Each line from the opening of the records that follow to the line with "Hasui Kawase Full" needs to be written out exactly. Add nothing.
>>>>>
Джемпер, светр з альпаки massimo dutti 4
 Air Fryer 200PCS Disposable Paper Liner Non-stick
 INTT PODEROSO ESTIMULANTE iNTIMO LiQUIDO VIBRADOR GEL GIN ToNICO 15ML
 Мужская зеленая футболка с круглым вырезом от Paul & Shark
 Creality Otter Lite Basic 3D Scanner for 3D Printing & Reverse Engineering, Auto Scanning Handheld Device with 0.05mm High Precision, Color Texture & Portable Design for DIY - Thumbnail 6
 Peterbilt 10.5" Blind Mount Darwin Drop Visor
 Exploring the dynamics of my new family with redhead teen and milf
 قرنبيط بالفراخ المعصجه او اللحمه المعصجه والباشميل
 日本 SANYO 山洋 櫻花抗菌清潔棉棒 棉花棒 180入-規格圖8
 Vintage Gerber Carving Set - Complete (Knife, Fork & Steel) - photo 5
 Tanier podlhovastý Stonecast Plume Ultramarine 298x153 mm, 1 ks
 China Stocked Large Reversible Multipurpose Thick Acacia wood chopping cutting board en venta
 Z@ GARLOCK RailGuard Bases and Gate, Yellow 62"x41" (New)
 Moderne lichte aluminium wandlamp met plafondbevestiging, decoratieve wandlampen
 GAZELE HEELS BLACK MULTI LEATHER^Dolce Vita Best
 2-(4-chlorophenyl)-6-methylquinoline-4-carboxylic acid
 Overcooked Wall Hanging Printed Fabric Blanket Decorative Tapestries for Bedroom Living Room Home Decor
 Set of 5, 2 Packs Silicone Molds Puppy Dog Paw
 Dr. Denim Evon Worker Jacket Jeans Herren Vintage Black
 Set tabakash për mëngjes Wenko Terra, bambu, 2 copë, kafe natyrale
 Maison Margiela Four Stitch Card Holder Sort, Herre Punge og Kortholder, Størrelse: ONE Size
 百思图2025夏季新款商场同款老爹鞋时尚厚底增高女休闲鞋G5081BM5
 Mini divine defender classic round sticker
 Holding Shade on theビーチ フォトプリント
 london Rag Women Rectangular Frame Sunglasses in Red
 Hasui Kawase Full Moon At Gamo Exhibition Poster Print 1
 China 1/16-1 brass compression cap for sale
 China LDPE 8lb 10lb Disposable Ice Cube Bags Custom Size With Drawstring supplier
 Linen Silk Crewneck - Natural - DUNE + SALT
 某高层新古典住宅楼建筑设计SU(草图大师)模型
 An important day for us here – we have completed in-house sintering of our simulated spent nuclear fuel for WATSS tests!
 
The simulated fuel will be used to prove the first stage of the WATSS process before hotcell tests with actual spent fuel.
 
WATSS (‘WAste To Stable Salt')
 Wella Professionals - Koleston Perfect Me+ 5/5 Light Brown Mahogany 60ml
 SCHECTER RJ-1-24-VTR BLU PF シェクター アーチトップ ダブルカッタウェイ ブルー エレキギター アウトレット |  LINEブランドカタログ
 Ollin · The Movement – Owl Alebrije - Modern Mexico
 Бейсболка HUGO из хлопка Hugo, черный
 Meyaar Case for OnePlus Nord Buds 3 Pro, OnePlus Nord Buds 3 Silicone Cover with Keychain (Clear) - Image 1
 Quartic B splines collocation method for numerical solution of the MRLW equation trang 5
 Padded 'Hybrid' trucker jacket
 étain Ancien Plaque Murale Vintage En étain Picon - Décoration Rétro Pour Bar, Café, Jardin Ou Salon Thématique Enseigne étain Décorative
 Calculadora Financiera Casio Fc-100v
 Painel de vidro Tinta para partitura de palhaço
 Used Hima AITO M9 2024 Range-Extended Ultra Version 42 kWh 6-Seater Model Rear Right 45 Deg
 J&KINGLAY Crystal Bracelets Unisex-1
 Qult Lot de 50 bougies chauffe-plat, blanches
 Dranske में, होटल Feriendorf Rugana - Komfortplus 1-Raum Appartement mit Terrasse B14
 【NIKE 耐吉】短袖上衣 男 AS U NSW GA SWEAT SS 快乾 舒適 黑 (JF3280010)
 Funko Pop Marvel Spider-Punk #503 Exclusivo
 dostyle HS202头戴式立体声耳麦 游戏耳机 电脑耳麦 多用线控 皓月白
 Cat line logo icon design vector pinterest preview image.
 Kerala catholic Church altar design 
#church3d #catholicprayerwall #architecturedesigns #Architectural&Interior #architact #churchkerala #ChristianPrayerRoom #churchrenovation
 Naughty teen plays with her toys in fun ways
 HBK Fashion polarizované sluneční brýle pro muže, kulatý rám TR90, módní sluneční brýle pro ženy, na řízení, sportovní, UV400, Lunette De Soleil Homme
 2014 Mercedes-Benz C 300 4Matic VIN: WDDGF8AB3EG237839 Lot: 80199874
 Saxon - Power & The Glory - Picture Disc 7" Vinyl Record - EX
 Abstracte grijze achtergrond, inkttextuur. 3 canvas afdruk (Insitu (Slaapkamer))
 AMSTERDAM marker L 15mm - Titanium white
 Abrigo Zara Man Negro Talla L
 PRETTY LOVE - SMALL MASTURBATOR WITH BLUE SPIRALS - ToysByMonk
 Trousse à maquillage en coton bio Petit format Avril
<<<<<
FINISHED TASK:
Джемпер, светр з альпаки massimo dutti 4
 Air Fryer 200PCS Disposable Paper Liner Non-stick
 INTT PODEROSO ESTIMULANTE iNTIMO LiQUIDO VIBRADOR GEL GIN ToNICO 15ML
 Мужская зеленая футболка с круглым вырезом от Paul & Shark
 Creality Otter Lite Basic 3D Scanner for 3D Printing & Reverse Engineering, Auto Scanning Handheld Device with 0.05mm High Precision, Color Texture & Portable Design for DIY - Thumbnail 6
 Peterbilt 10.5" Blind Mount Darwin Drop Visor
 Exploring the dynamics of my new family with redhead teen and milf
 قرنبيط بالفراخ المعصجه او اللحمه المعصجه والباشميل
 日本 SANYO 山洋 櫻花抗菌清潔棉棒 棉花棒 180入-規格圖8
 Vintage Gerber Carving Set - Complete (Knife, Fork & Steel) - photo 5
 Tanier podlhovastý Stonecast Plume Ultramarine 298x153 mm, 1 ks
 China Stocked Large Reversible Multipurpose Thick Acacia wood chopping cutting board en venta
 Z@ GARLOCK RailGuard Bases and Gate, Yellow 62"x41" (New)
 Moderne lichte aluminium wandlamp met plafondbevestiging, decoratieve wandlampen
 GAZELE HEELS BLACK MULTI LEATHER^Dolce Vita Best
 2-(4-chlorophenyl)-6-methylquinoline-4-carboxylic acid
 Overcooked Wall Hanging Printed Fabric Blanket Decorative Tapestries for Bedroom Living Room Home Decor
 Set of 5, 2 Packs Silicone Molds Puppy Dog Paw
 Dr. Denim Evon Worker Jacket Jeans Herren Vintage Black
 Set tabakash për mëngjes Wenko Terra, bambu, 2 copë, kafe natyrale
 Maison Margiela Four Stitch Card Holder Sort, Herre Punge og Kortholder, Størrelse: ONE Size
 百思图2025夏季新款商场同款老爹鞋时尚厚底增高女休闲鞋G5081BM5
 Mini divine defender classic round sticker
 Holding Shade on theビーチ フォトプリント
 london Rag Women Rectangular Frame Sunglasses in Red
 Hasui Kawase Full Moon At Gamo Exhibition Poster Print 1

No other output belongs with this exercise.